CHEETAH is an international, multicentre, 2-arm, cluster randomised controlled trial with an internal pilot to evaluate the use of separate sterile gloves and instruments for wound closure to reduce SSI rates in patients undergoing surgery with an abdominal incision. Clusters are defined as hospitals.
CHEETAH is after FALCON the second global surgical trial from the NIHR-GSU network.

Aims & Objectives

  • Primary Objective

    The primary objective of the CHEETAH RCT is to assess whether the practice of using separate, sterile gloves and instruments to close wounds at the end of surgery can reduce surgical site infection at 30-days post-surgery for patients undergoing clean-contaminated, contaminated or dirty abdominal surgery, compared to current routine hospital practice.

  • Secondary Objective

    The secondary objective of the CHEETAH RCT is to assess the impact of changing gloves/instruments prior to wound closure compared to current routine hospital practice on secondary clinical outcomes up to 30 days post-surgery including: SSI during the in-hospital stay, re-admission, re-operation, length of hospital stay, return to normal activities, and death.

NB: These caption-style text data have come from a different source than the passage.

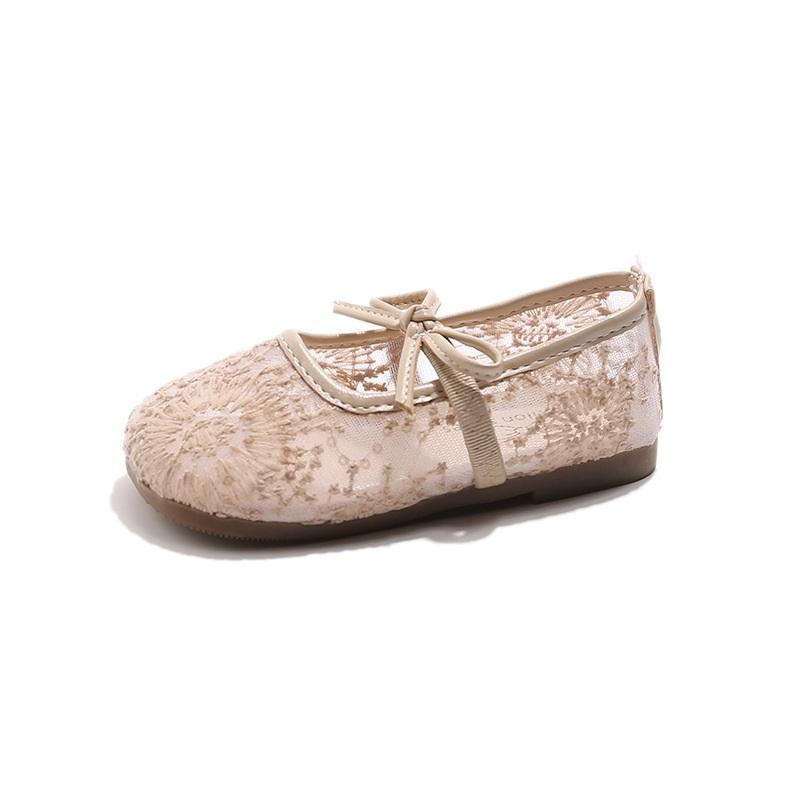 Breathable Lace Mesh Flat Shoes For Girls With Bow Spring Summer Children's Shoes Stylish Comfortable Girls Flats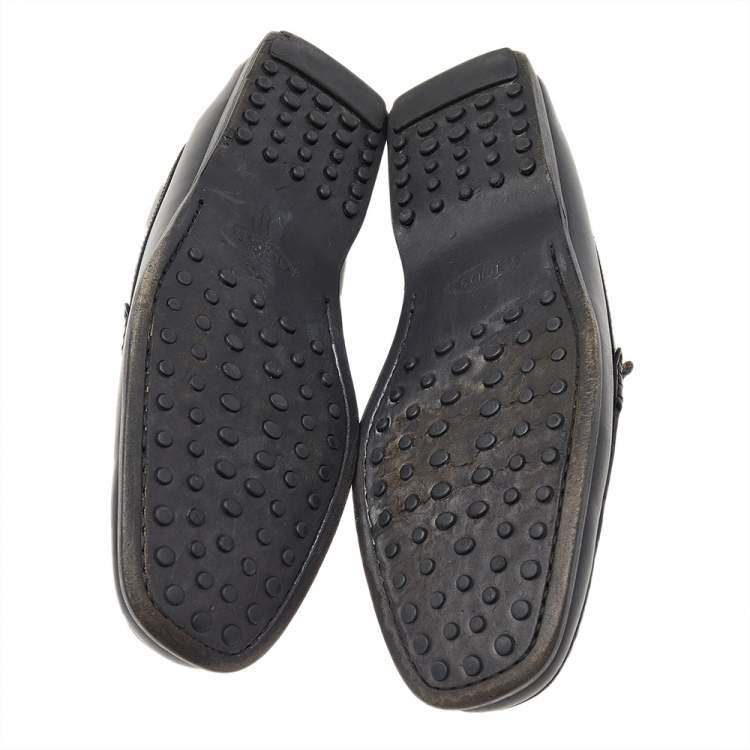 Pre Owned Tod's Black Leather Slip On Loafers Size 42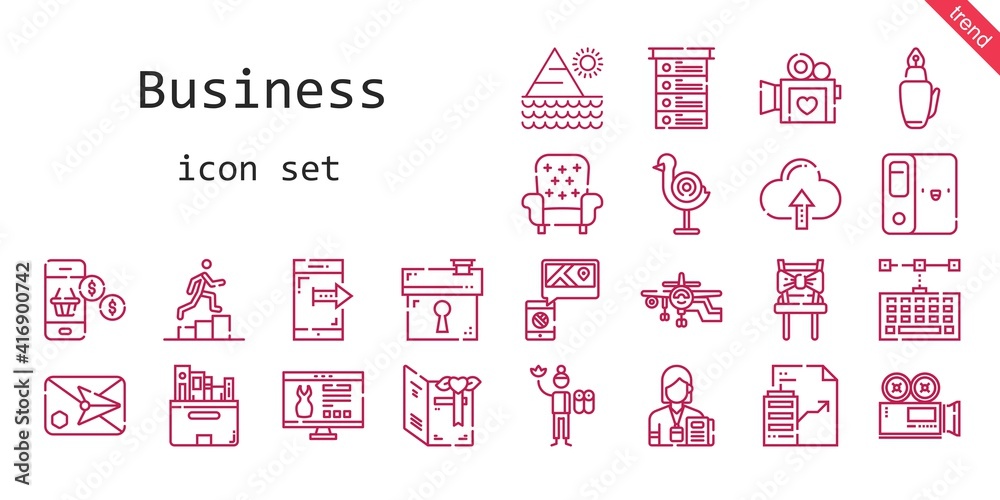 business icon set. line icon style. business related icons such as keyboard, website, smartphone, chair, real estate, video camera, list, house, dart board, journalist, folder business icon set. line icon style. business related icons such as keyboard, website, smartphone, chair, real estate, video camera, list, house, dart board, journalist, folder
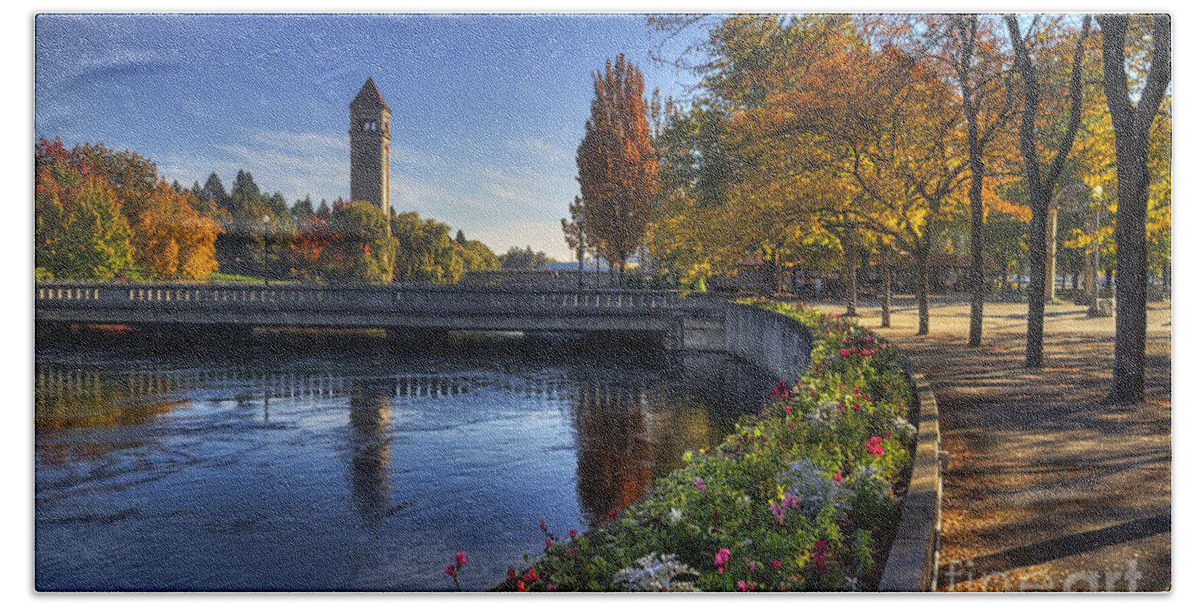 Clock Tower Hand Towel featuring the photograph Riverfront Park - Spokane by Mark Kiver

  • The recruitment target is a total of 12,800 participants from 64 clusters (hospital), each including up to 200 participants.

Collaborating countries

CHEETAH is an international trial being conducted in multiple NIHR funded countries. Click on the map below to see participating countries.

Trial summary

Surgical site infection (SSI) represents a major burden for patients, doctors and health systems around the world, but is potentially preventable. SSI is the most common postoperative complication across all income and development settings, and the most common healthcare-associated infection in low-and middle-income countries (LMICs). It has been associated with one-third of postoperative deaths and accounts for 8% of all deaths caused by a nosocomial infection. Rates vary significantly between different types of surgery, but it is particularly prevalent in abdominal operations; as many as one in four patients get an SSI when the operation involves the bowel.

Improving surgical outcomes is a global health priority, highlighted by the Lancet Commission on Global Surgery. Recent WHO guidelines made 29 recommendations for intraoperative and postoperative measures to prevent SSI. Despite inclusion of strongly graded recommendations, there was little high-quality evidence in support of most interventions. In addition, none of the evidence used was derived from resource limited settings, leading to uncertainty about implementation of measures in LMICs, in particular. The specific interventions to be tested in this study were selected by a Delphi process from a long list of potential interventions based on the the WHO guidelines.

A key factor influencing SSI rates is intraoperative contamination (opening the gut, genital or urinary tracts). In clean (non-contaminated) surgery, the infection rate is low and benefits from research targeting SSI rates in those patients are limited. CHEETAH will therefore focus on clean-contaminated, contaminated and dirty surgery. A cluster randomised design is considered the most appropriate design to minimise the risk of contamination in the control arm of the trial. Once theatre staff have been trained to implement the intervention (of separating sterile surgical instruments and gloves at the time of wound closure) it is likely to become routine practice, making individual randomisation unfeasible.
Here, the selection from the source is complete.